**** Records to process ****

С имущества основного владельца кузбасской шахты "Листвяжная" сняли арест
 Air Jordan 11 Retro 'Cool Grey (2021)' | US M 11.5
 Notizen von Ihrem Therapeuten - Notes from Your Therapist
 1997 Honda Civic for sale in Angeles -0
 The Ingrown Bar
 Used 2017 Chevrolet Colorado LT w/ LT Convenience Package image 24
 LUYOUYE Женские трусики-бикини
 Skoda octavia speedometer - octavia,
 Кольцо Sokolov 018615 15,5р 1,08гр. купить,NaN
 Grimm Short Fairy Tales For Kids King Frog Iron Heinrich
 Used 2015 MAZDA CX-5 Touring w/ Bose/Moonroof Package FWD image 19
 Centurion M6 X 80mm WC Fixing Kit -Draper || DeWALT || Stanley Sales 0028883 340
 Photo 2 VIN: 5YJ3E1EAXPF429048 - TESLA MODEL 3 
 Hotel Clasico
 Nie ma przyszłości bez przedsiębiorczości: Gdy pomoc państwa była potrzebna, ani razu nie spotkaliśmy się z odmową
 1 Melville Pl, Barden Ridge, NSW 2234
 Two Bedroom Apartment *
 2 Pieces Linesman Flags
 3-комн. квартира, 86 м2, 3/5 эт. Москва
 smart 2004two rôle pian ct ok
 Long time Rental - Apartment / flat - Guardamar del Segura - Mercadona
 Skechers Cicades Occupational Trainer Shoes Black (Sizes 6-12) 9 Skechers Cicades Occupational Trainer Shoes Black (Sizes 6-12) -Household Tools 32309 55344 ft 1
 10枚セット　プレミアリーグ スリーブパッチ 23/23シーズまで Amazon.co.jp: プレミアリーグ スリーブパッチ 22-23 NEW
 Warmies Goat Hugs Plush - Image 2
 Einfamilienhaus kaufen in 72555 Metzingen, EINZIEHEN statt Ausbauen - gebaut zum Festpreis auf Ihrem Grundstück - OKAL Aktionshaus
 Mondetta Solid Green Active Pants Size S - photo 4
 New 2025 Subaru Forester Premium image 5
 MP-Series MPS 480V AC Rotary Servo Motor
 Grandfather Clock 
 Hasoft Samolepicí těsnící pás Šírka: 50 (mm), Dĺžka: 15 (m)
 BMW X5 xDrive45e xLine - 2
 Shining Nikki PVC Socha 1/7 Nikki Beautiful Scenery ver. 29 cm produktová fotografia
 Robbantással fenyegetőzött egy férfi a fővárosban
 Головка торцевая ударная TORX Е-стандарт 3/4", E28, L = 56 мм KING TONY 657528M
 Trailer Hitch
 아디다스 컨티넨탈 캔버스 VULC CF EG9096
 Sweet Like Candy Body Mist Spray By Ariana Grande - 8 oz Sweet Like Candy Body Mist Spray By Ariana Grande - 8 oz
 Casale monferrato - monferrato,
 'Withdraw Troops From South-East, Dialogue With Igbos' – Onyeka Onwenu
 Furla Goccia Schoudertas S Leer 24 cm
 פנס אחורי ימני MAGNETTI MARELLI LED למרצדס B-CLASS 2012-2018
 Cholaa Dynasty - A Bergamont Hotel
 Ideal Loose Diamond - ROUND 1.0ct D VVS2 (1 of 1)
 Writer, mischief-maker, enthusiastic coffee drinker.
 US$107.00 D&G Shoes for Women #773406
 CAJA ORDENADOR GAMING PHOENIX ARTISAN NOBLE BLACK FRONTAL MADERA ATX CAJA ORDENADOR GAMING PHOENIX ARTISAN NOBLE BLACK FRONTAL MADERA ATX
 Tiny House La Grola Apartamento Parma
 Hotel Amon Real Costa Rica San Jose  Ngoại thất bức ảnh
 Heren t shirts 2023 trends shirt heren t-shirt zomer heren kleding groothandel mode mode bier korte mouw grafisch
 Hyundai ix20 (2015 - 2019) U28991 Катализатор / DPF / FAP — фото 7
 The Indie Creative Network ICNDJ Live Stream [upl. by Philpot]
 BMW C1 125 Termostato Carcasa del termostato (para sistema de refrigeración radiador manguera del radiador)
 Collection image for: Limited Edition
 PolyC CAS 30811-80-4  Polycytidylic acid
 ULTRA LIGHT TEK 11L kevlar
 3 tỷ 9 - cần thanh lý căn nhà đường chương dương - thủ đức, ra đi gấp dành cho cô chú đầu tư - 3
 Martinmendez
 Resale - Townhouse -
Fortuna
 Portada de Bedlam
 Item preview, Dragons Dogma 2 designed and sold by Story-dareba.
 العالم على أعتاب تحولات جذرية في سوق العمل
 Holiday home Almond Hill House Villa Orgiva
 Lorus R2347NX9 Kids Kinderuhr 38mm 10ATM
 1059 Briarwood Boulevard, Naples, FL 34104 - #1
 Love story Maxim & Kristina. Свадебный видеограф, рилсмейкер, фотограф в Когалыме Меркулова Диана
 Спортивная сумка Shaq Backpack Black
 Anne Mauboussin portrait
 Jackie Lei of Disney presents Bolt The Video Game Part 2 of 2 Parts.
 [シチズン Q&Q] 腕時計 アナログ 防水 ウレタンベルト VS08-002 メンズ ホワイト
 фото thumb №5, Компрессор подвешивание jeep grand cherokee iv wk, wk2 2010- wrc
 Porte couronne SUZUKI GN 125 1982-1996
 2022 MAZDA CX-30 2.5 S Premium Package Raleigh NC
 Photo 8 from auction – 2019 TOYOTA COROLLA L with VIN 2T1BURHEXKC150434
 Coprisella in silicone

****

Exercise description.
Looking at the data above, show all lines where the word "Shoes" occurs.

Written answer.
 Skechers Cicades Occupational Trainer Shoes Black (Sizes 6-12) 9 Skechers Cicades Occupational Trainer Shoes Black (Sizes 6-12) -Household Tools 32309 55344 ft 1
 US$107.00 D&G Shoes for Women #773406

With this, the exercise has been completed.